The Bulgarian Constitution promulgated at Trnovo in 1879 laid down that the Tsar is Commander-in-Chief of Bulgaria’s armed forces in peace and war, confers military ranks, may commute sentences and pardon criminals: the executive power is his and his decrees become law when countersigned by the respective Ministers who assume all responsibility. If the State is in danger and the Sobranié cannot he convoked, the Tsar may, at his Ministers’ instigation and responsibility, issue decree-laws which must, however, be approved by the next Sobranié. The Cabinet is composed of all the Ministers, of whom one, chosen by the Tsar, becomes Prime Minister; moreover the Ministers are appointed and dismissed by the Tsar who may appoint to any official post. In 1911 Article XVII was amended to read: “The Tsar is the State’s representative in all its relations with foreign countries. It is in His name that the Government negotiates and concludes with foreign countries all treaties, which must be sanctioned by Him. The Ministers inform the Sobranié of them Directly the Welfare and Safety of the State Permit." These provisions still stand.

In 1879 the Constituent Assembly rejected proposals for a Council of State or Senate, a proportion of nominated deputies, and even for an electoral qualification, most representatives being resolved there should be no privileged class and only one Chamber elected by universal male suffrage. In theory this was very liberal; but in practice all power remained the Tsar's, for though responsible to nobody he might appoint, promote, and dismiss Ministers, officers, and functionaries at will. To supplement this power Tsar Ferdinand evolved a clever technique. To create a governing class he encouraged corruption among politicians and military chiefs while compiling detailed dossiers of their misdeeds so that he might threaten them with exposure if ever they dared oppose him. The tale of a well-known General’s meteoric rise shows how Ferdinand wielded his powers. One night this General, then a Captain of the Guard, hearing his beautiful wife was closeted with Ferdinand, angrily broke into the royal private apartments. Ferdinand, unabashed, met him at the door.

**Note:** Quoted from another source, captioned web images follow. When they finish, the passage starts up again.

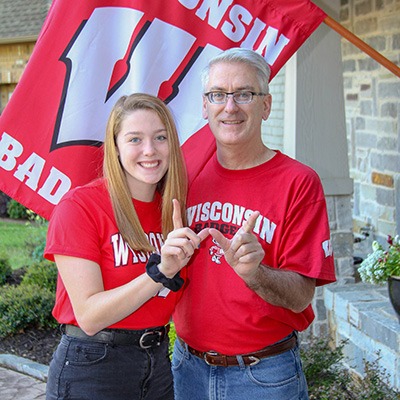 Thomas Plowman with his daughter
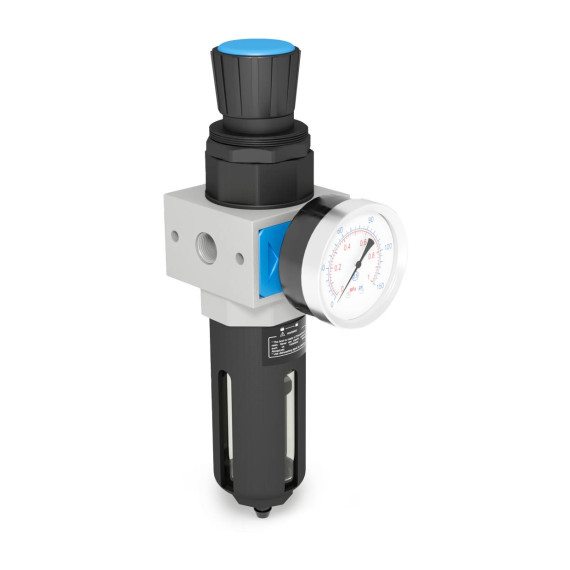 Air filter regulators 1850-8100 l/min, 1/4″~1″, 25 µm (SA-WU) with pressure gauge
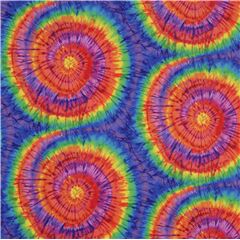 Rainbow Spiral Circles Super Soft Cuddly Fabric by Timeless Treasures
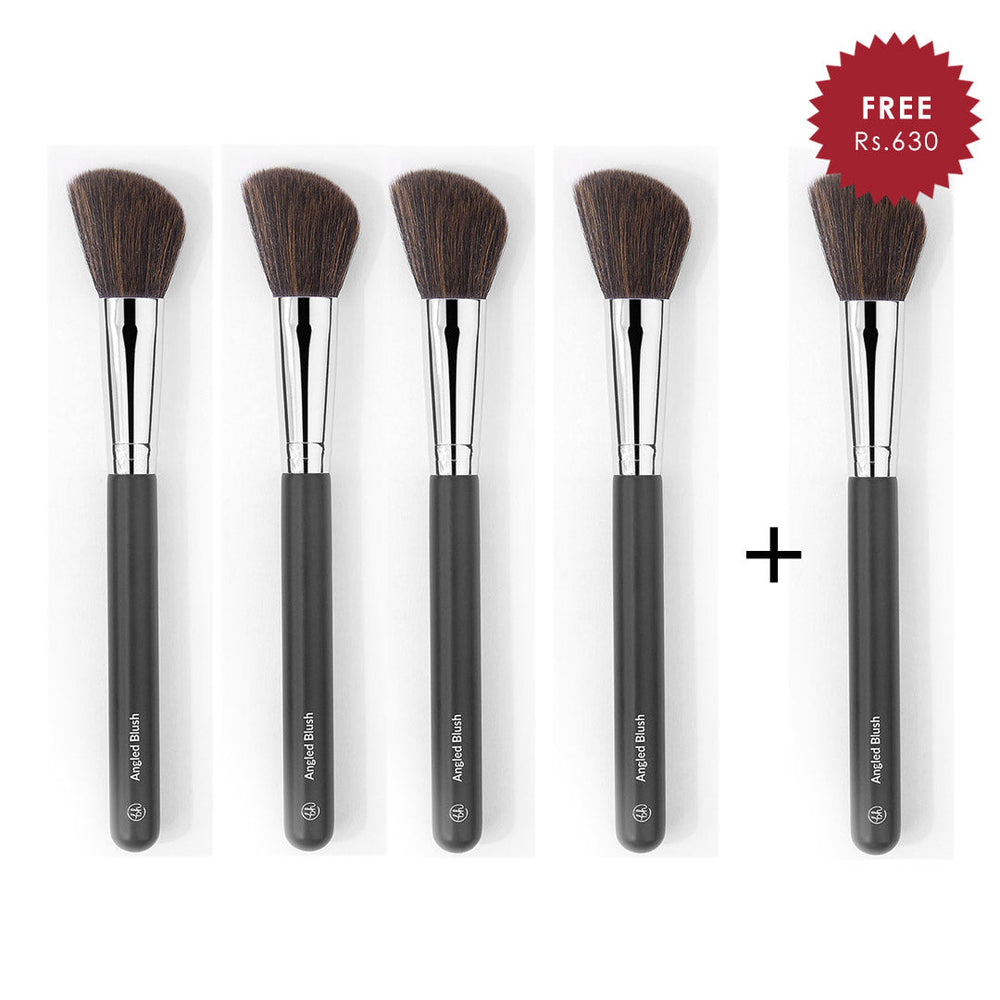 bh Angled Blush Brush 4pc Set + 1 Full Size Product Worth 25% Value Free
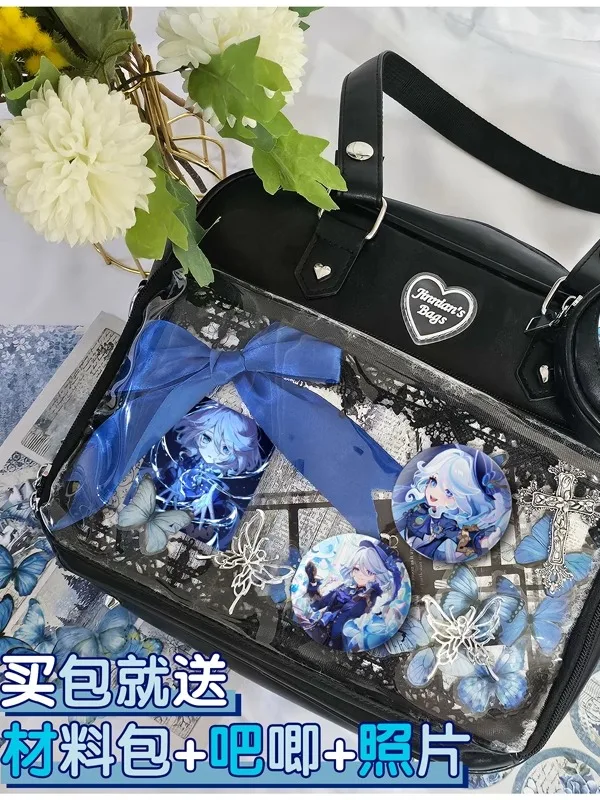 

Genshin Impact Furina аниме фигурка мультфильм модная сумка косплей большая сумка Itabag сумка аксессуары подарок на Хэллоуин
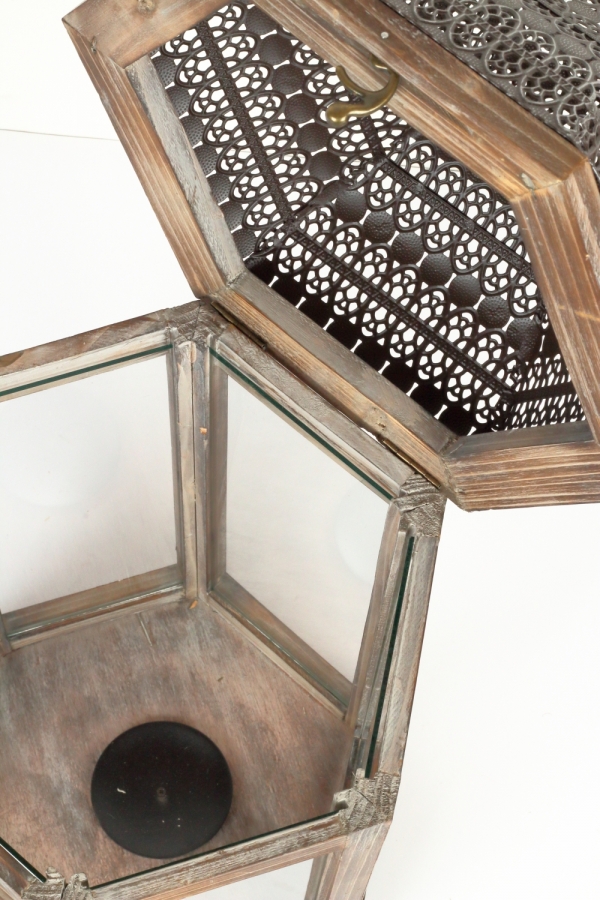 Lucerna šestihranná 64cm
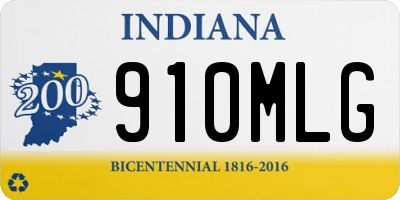 IN license plate 910MLG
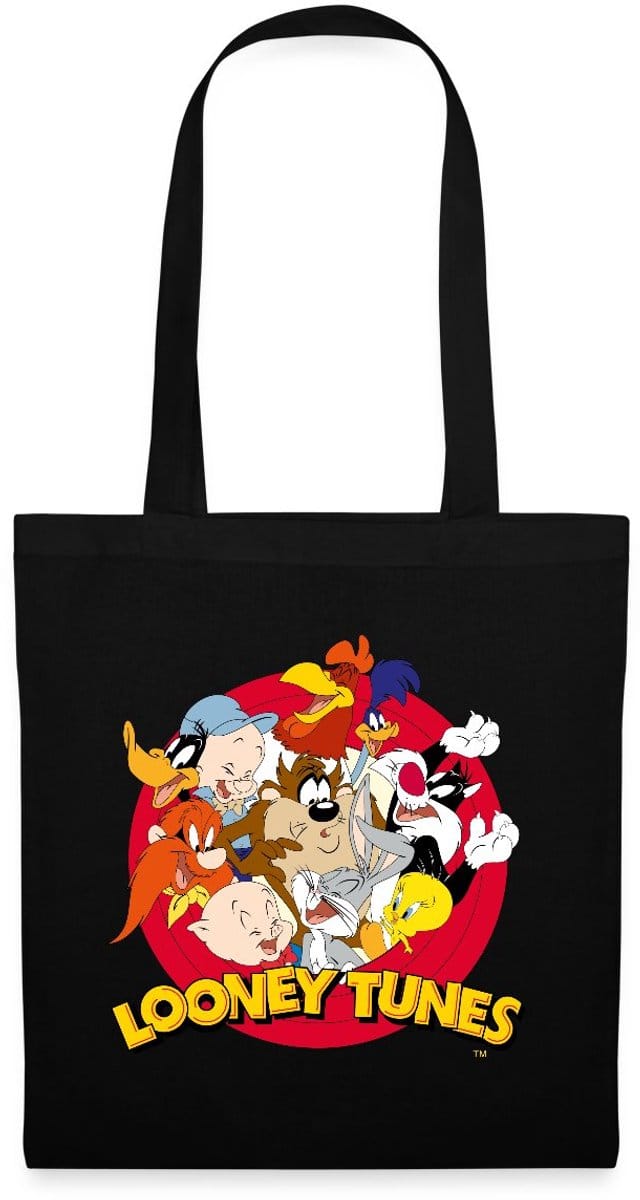 Looney Tunes Groep Tas Van Stof Schoudertas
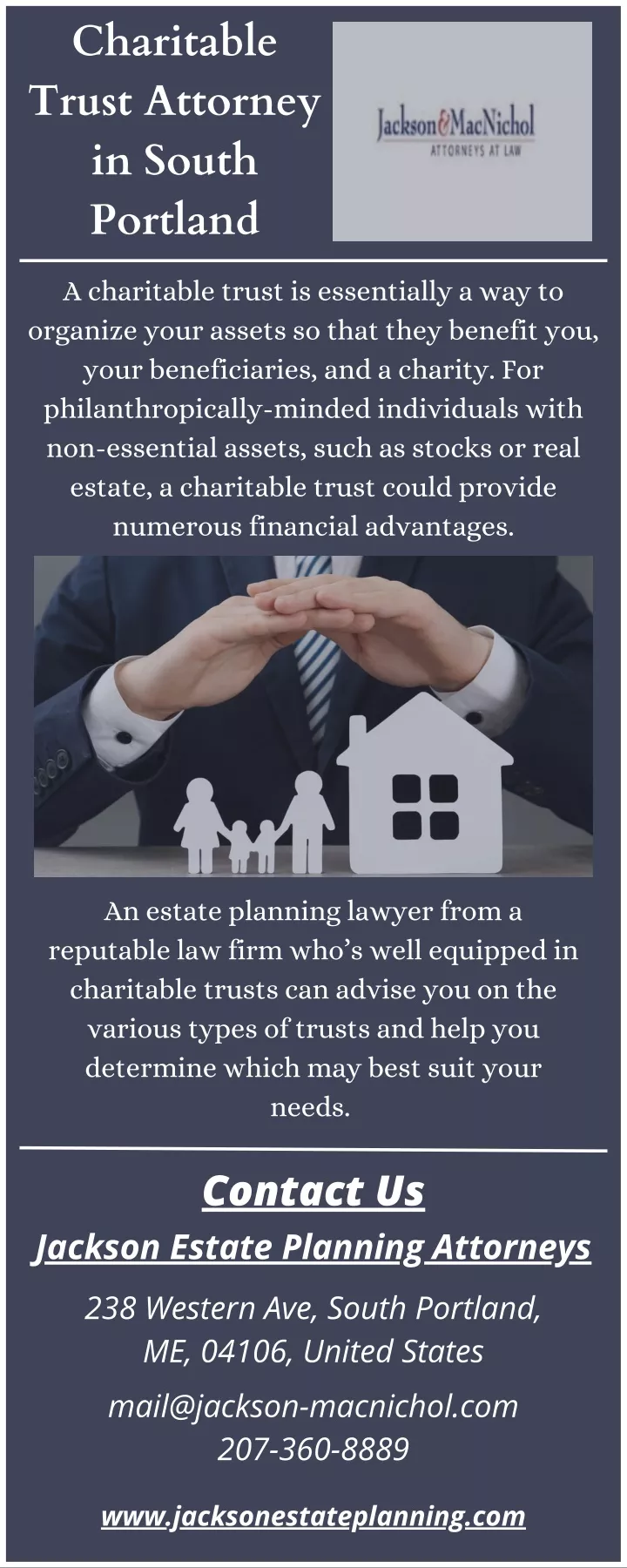 charitable trust attorney in south portland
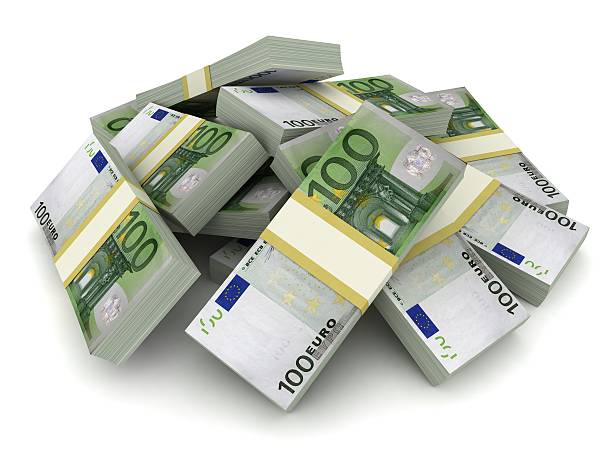 istock Money Pile - Euro 184985219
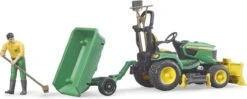 Bruder 62104 John-Deere Zitmaaier + Aanhanger En Tuinman -Auto Winkel bruder bruder 62104 john deere zitmaaier met aanhanger 2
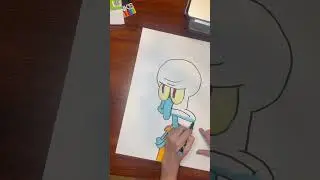 I drew Squidward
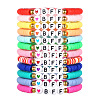 12Pcs Alloy & Polymer Clay & Resin Beaded Stretch Bracelets Set for Frinedship FS-WG9EC10-01-5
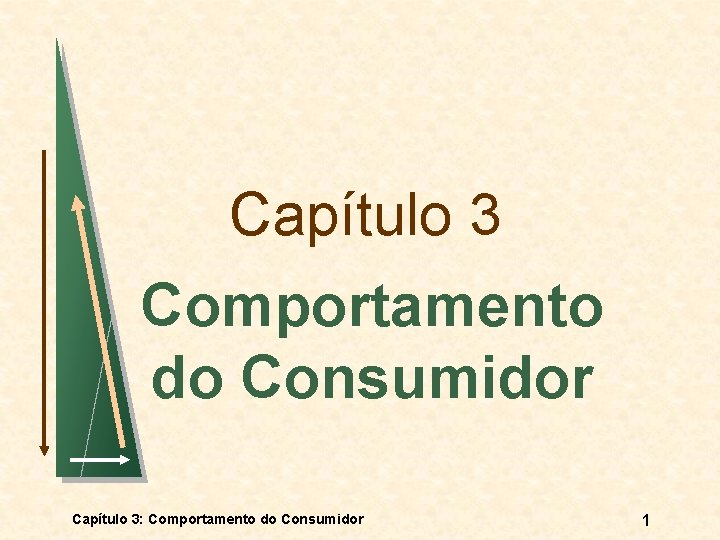 Capítulo 3 Comportamento do Consumidor Capítulo 3: Comportamento do Consumidor 1 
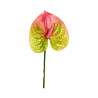 Tige d’Anthurium Artificiel Jaune et Rose
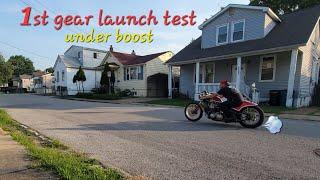 1st gear launch test with the new Engine and Turbocharger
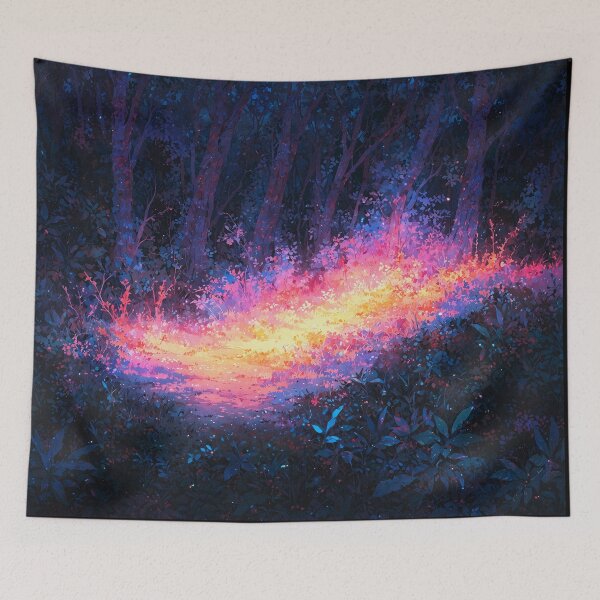 Item preview, Beautiful glowing forest designed and sold by Serene Scapez.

"What do you want, Colonel?" he asked.

The Colonel retired, content with this promotion.

By exploiting individualism, encouraging rapacity and rewarding servility, Ferdinand skilfully played against each other those bickering office-seekers who sprang from a legion of impecunious intelligentsia deliberately created by an elaborate educational machine against anticipated territorial expansion. Anyone with strong enough lungs might proclaim himself a party, rally a following by wild promises, then curry favour by professions of loyalty to the Sovereign and Supremist ambitions; and the party’s strength mattered not at all if the Palace called it to power, for once in control of the administrative machine it was simple to frame elections and secure a make-belief majority. No Cabinet ever fell until the Sovereign willed. Each individual politician played for his own hand or pocket, caring little or nothing for national welfare and collaborating with his colleagues in office only for his own advantage. If a politician was condemned for embezzlement he was soon amnestied because his Sovereign needed a new pawn; and so, among ninety-six Ministers who governed Bulgaria between 1879 and 1926, forty-eight were condemned, while over thirty general amnesties were proclaimed!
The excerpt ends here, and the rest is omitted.